[Image-caption web data]
————————

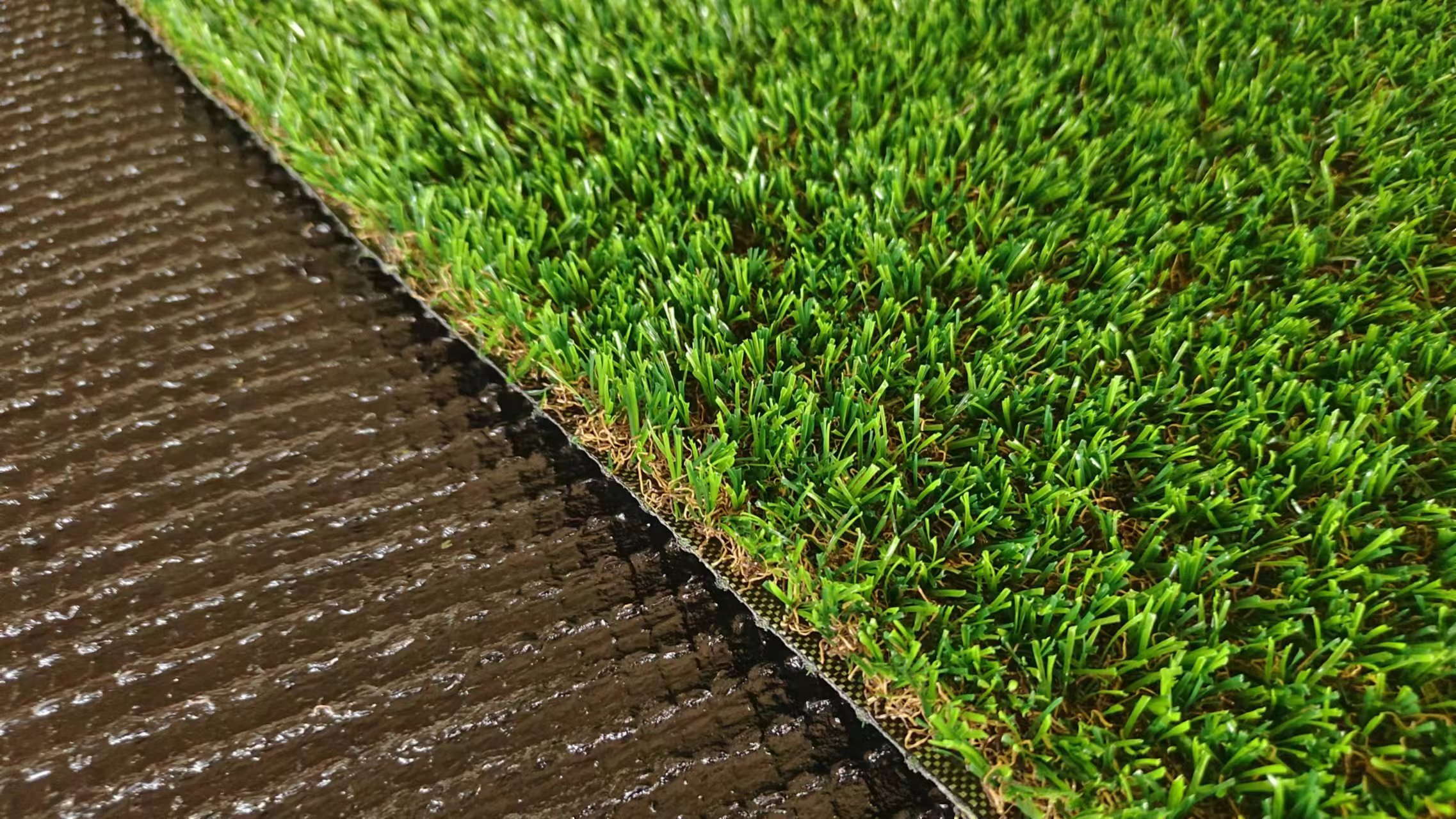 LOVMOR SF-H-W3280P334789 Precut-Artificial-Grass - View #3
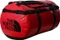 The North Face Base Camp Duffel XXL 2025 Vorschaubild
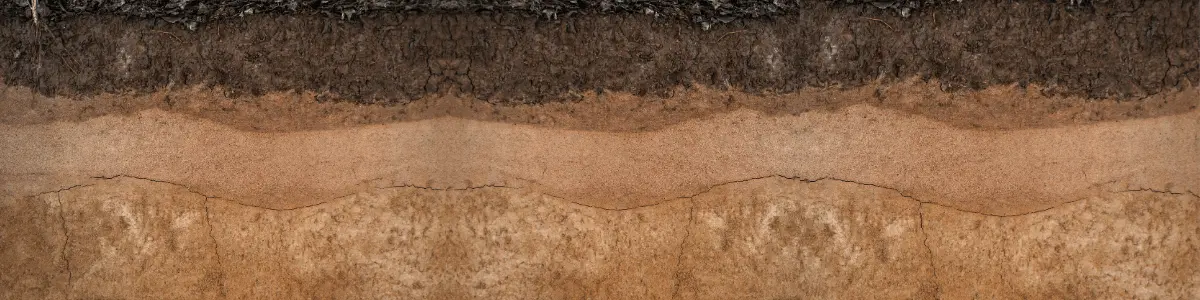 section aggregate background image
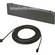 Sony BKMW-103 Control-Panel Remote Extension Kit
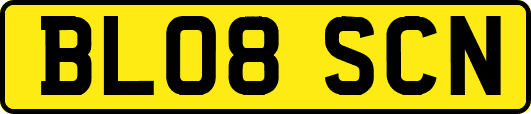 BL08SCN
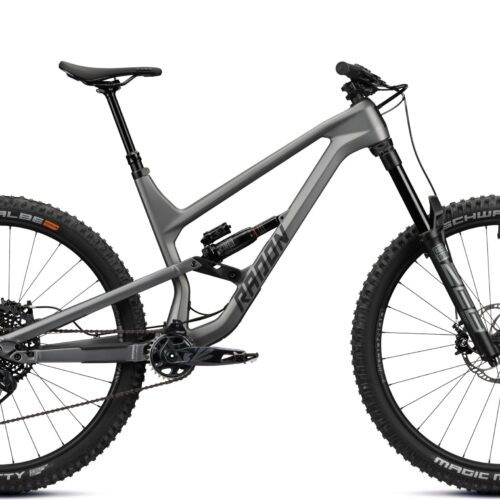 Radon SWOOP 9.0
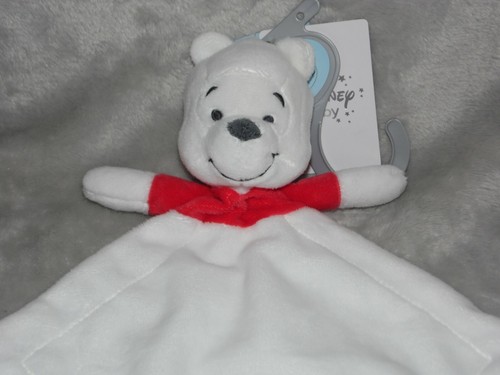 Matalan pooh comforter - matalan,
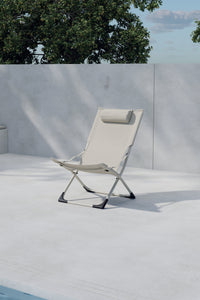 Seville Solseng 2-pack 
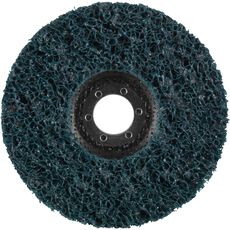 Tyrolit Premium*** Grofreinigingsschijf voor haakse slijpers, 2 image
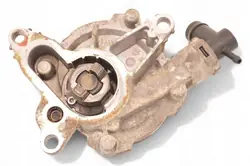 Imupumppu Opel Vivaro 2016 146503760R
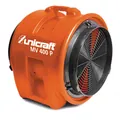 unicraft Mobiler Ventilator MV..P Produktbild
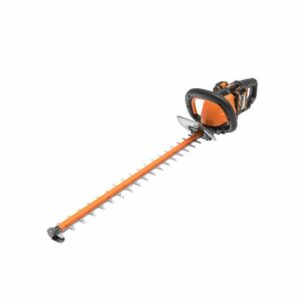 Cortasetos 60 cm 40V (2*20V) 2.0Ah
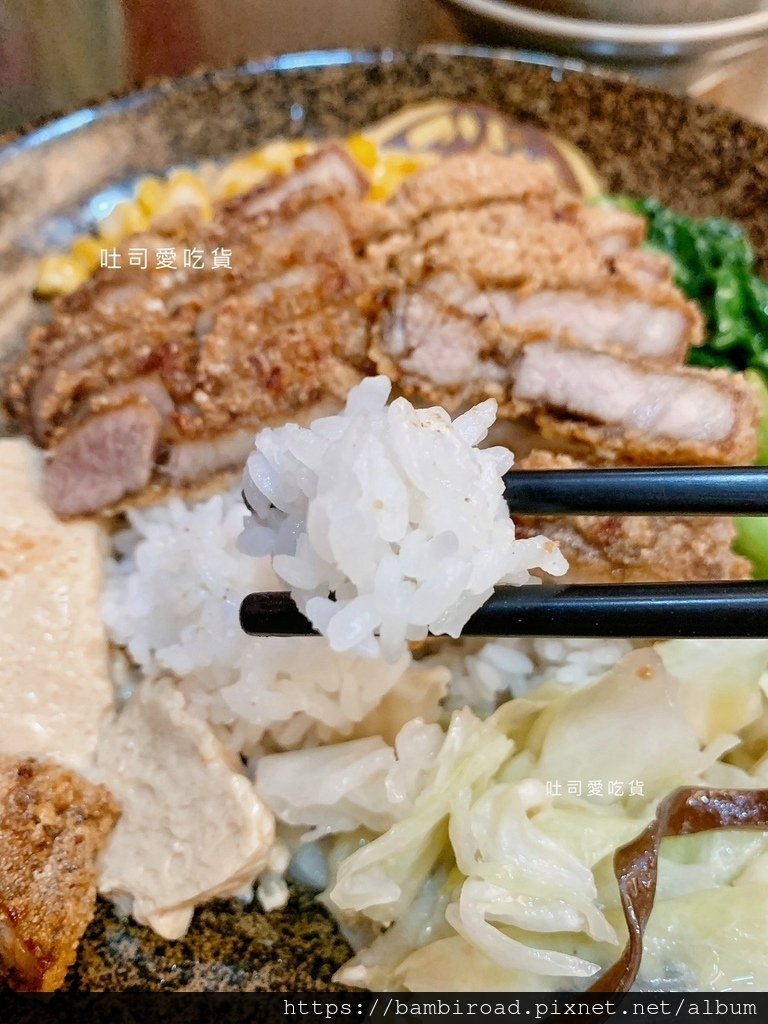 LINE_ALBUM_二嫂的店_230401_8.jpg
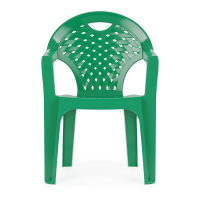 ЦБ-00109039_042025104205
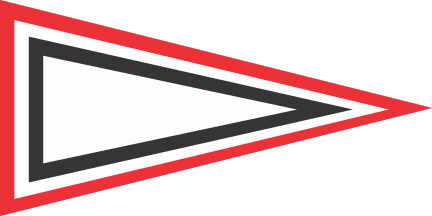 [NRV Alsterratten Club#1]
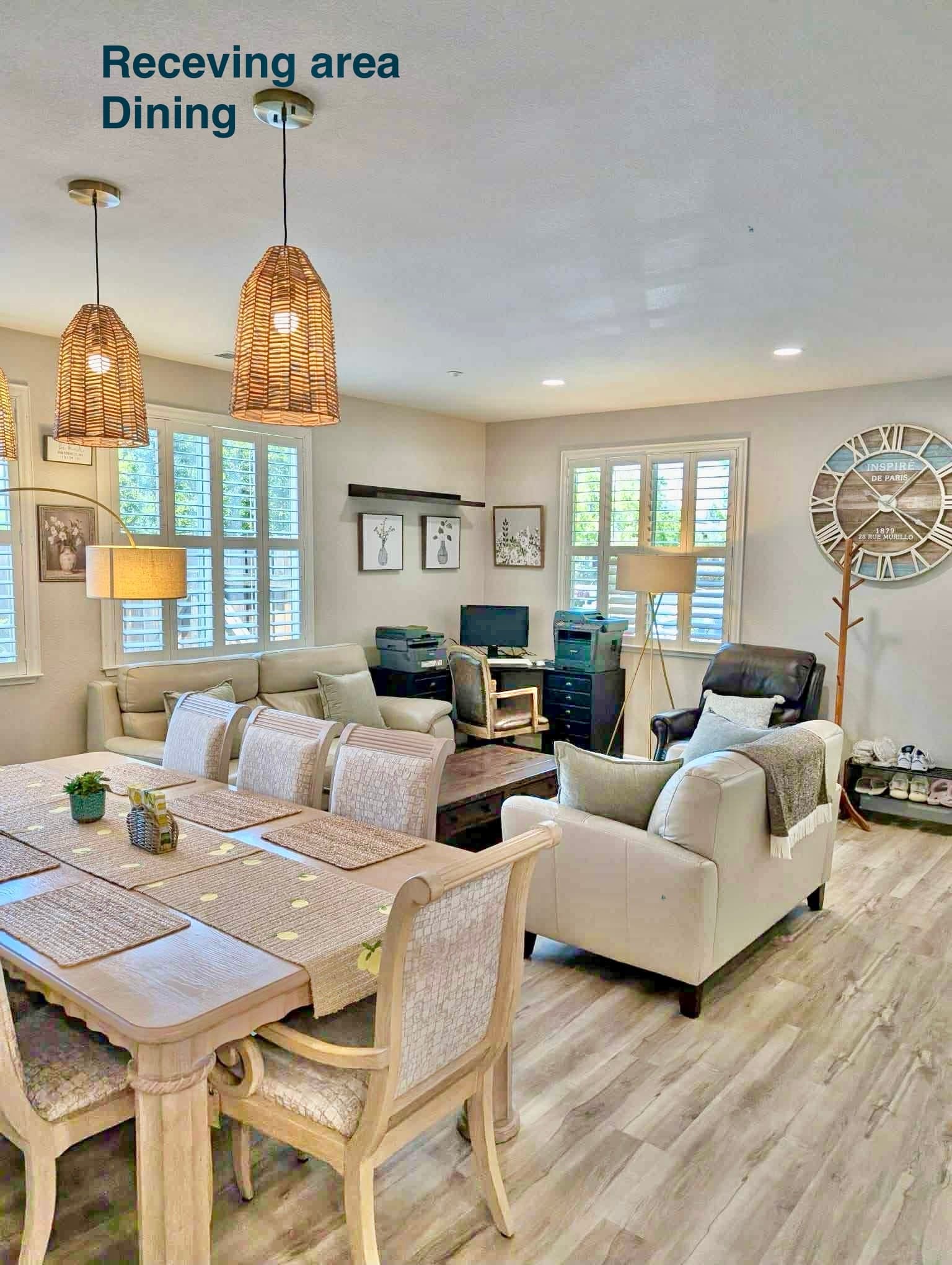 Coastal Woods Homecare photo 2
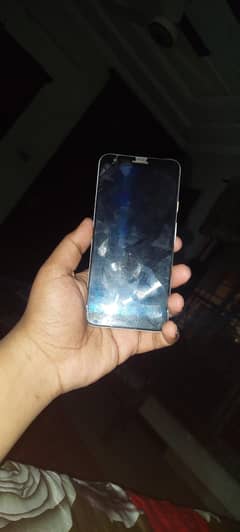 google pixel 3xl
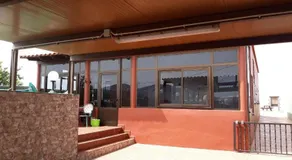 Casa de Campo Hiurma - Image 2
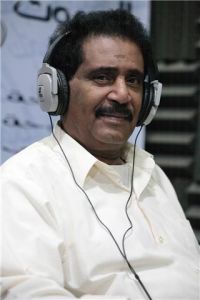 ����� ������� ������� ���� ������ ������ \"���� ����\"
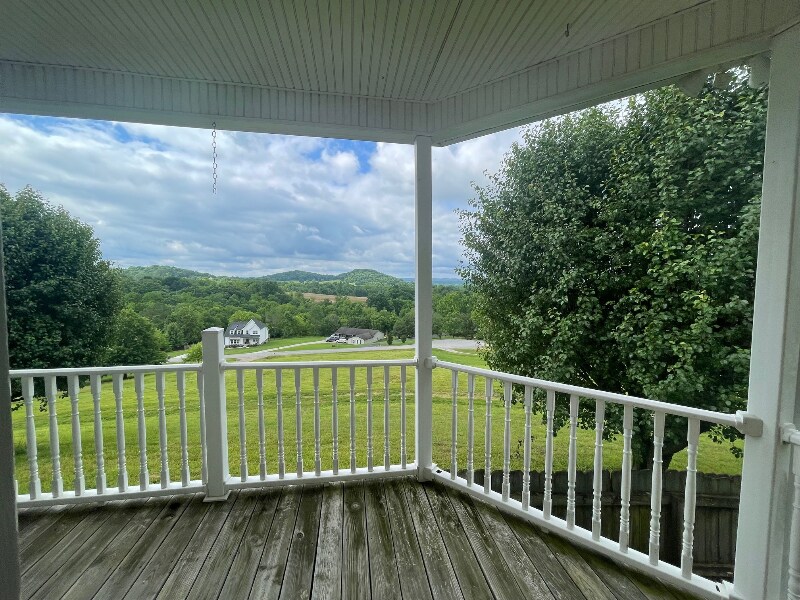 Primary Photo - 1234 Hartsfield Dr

————————

Task item:
Where the line containing "The North Face" appears, begin writing out the lines word for word, and continue through the last line of the data, leaving out pictures.

Final answer:
 The North Face Base Camp Duffel XXL 2025 Vorschaubild
 section aggregate background image
 Sony BKMW-103 Control-Panel Remote Extension Kit
 BL08SCN
 Radon SWOOP 9.0
 Matalan pooh comforter - matalan,
 Seville Solseng 2-pack 
 Tyrolit Premium*** Grofreinigingsschijf voor haakse slijpers, 2 image
 Imupumppu Opel Vivaro 2016 146503760R
 unicraft Mobiler Ventilator MV..P Produktbild
 Cortasetos 60 cm 40V (2*20V) 2.0Ah
 LINE_ALBUM_二嫂的店_230401_8.jpg
 ЦБ-00109039_042025104205
 [NRV Alsterratten Club#1]
 Coastal Woods Homecare photo 2
 google pixel 3xl
 Casa de Campo Hiurma - Image 2
 ����� ������� ������� ���� ������ ������ \"���� ����\"
 Primary Photo - 1234 Hartsfield Dr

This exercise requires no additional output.